I've seen journeymen use three different style of toolboxes, and as I'm still relatively new to the trade, I'm trying to work out which style would be best for me over the next 30 years. I've come up with a list of advantages and disadvantages of each style, and would appreciate your input.

Steel box:









This is the "Traditional" electrician's tool box that was on my tool list, and therefore is the type I'm currently using. These come in two styles; the flat top, and the hip roof top. I contend that the hip roof top style offers greater overall strength, and am not aware of any advantages of the flat top. I prefer these with a steel handle, plastic handles tend to break.

Advantages:
-Lockable
-Reasonably waterproof when used in wet locations
-Tend to last a long time
-Great surface for adhering stickers
-Tools stay secured during transport
-Repairable

Disadvantages:
-Heavy
-Tools lay horizontally, have to "Dig" for tools
-Difficult to keep tools and parts organized

Plastic box:










I've seen more sparkies bring their "Rubbermaid" boxes to the job site. In spite of the disparaging "Rubbermaid" remarks, they swear by them. Here are the pros and cons as I've observed:

Advantages:
-Lightweight
-Waterproof
-Lockable
-Okay surface for adhering stickers
-Tools stay secure during transport
-Bins and clever design keeps tools and materials better organized

Disadvantages:
-Hinges don't last very long
-Doesn't last as long as other tool boxes
-Not as secure as a steel box
-Tools are horizontal, still have to "Dig" for tools

Nylon open tote tool bag:










I'm surprised by the increasing popularity of the nylon tote. When I first saw one, I figured the journeyman was eccentric; but I've been seeing them increase in popularity. They are starting to grow on me.

Advantages:
-Lightweight
-Some come with shoulder strap to facilitate carrying
-Tools stored vertically, easier to access without digging, saves time
-Immediate access to tools, saves time
-Small storage pockets facilitate organizing tools and materials
-Greater flexibility in holding awkward or bulky tools
-Can last a very long time

Disadvantages:
-Cannot lock to secure tools
-Greater care must be taken that tools don't fall out during transport
-Won't keep tools dry when used in wet locations
-Not good for stickers

I've been using the steel box for nearly two years, but am considering going for a nylon tote. Having tools stand vertically and not needing to dig for things seems like a great advantage, and the lack of security doesn't seem to bother the journeymen who use them. What do you think?


----------



## Hippie

Back when I worked on big jobs the traditional metal box was what I used, its reasonably secure, holds up to abuse, doesn't get smashed in a gang box full of people's tools, and its great for displaying your collection of union stickers. 

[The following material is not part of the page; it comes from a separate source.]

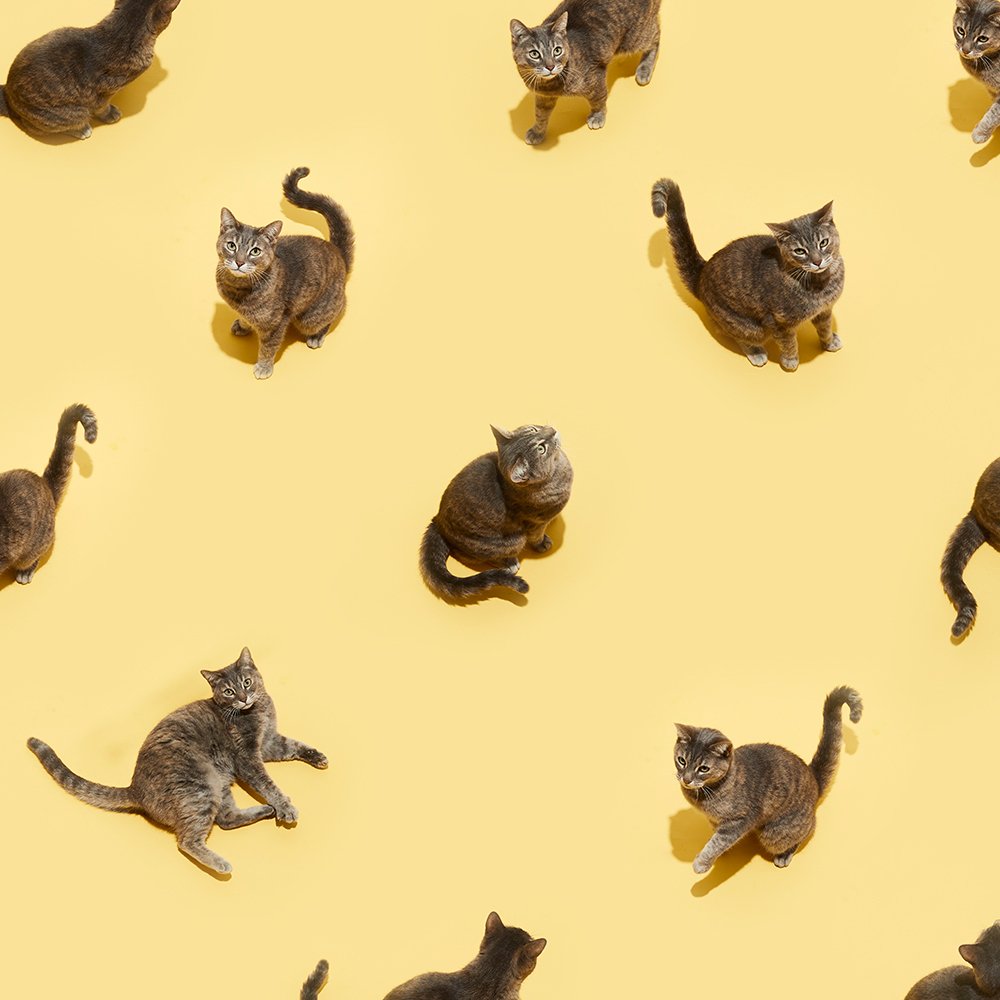 cat.jpg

Working by myself I use a 5 gallon bucket to tote my tools and miscellaneous parts around


----------



## HARRY304E

I like the third choice,The tools are heavy enough without having a steel tool box to carry around.

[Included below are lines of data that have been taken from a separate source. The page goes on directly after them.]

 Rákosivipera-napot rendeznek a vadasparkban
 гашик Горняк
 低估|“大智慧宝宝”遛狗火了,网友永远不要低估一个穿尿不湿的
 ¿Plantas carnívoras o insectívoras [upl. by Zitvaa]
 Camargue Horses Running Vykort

If you are working in the same place all the time like a plant Electrician Would,then a steel box with draws and a cart to transport all the stuff work best IMO.


----------



## Speedy Petey

Two words: VETO PRO PAC


----------



## 480sparky

My favorite:


----------



## BurtiElectric

Speedy Petey said:


> Two words: VETO PRO PAC


That's three words


----------



## thoenew

I'd look into Veto Pro Pac.


----------



## Speedy Petey

BurtiElectric said:


> That's three words


Stop nit picking. :001_tongue:


----------



## MIKEFLASH

This is the bag i like, i have to park a block away from the job and it works real well for luging all my crap around.


----------



## eejack

All of the above.

On powerhouse jobs I use a set of craftsman plastic tool boxes - I can sit them on the wet oily ground and my schtuff stays dry. Inside jobs usually get a metal box - drawers when appropriate but usually just a plain metal box. Some jobs a little nylon tote is most appropriate - so I have those. 

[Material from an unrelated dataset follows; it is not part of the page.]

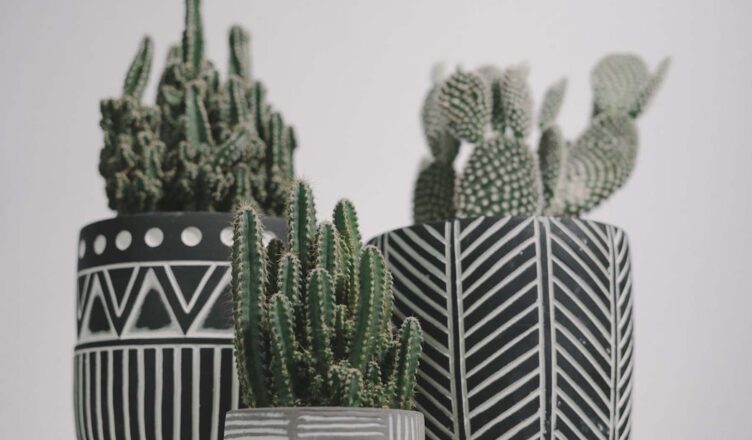 Wykorzystanie kaktusów w aranżacji wnętrz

I tried the bucket with the bucket boss for a while - found it got full of junk pretty quick. However I do carry a linesman's bucket for when I work on high schtuff.


----------



## Acadian9

I went from an open tool tote when roughing in to a lockable metal tool box. I go most days without needing to open it so I just leave it in the bob box. My foreman had a tendency to "borrow" my tools from the open tool tote and leave them on the job box shelf or on his lunch table so I bought a lockable tool box.

If you're doing service work or are always moving around to do something, tool totes (or Veto's) would be ideal. If your tools generally stay unused when you're working (slab work for instance) then your best bet is a metal tool ox. Plastic breaks too easily and metal will last.


----------



## Ty Wrapp

Here is my tool box. It stays in the truck, holds seldom used tools. On the job, I sling a Klein Powerline tool pouches over my shoulder.


----------



## union347sparky

I'm a bucket kind of guy. I have a hook on it so I can hang it off a lift or the boom of the bucket.


----------



## zwodubber

Backpack style is my choice, haven't looked back since I got one.


----------



## Pompadour

i use a lockable metal box. 

if it was legal to beat a guys head in with a golf club who touched my tools without asking me, i would use a veto pro pack.


----------



## varmit

This is one of those questions with no perfect answer as everyone's needs and preferences are different. Personally, I use a metal tool box, actually two metal toolboxes, one that I put on my cart and one in the truck with the tools that I only need occasionally. I also have a 5 gallon bucket that holds my every day tools and my tool pouch.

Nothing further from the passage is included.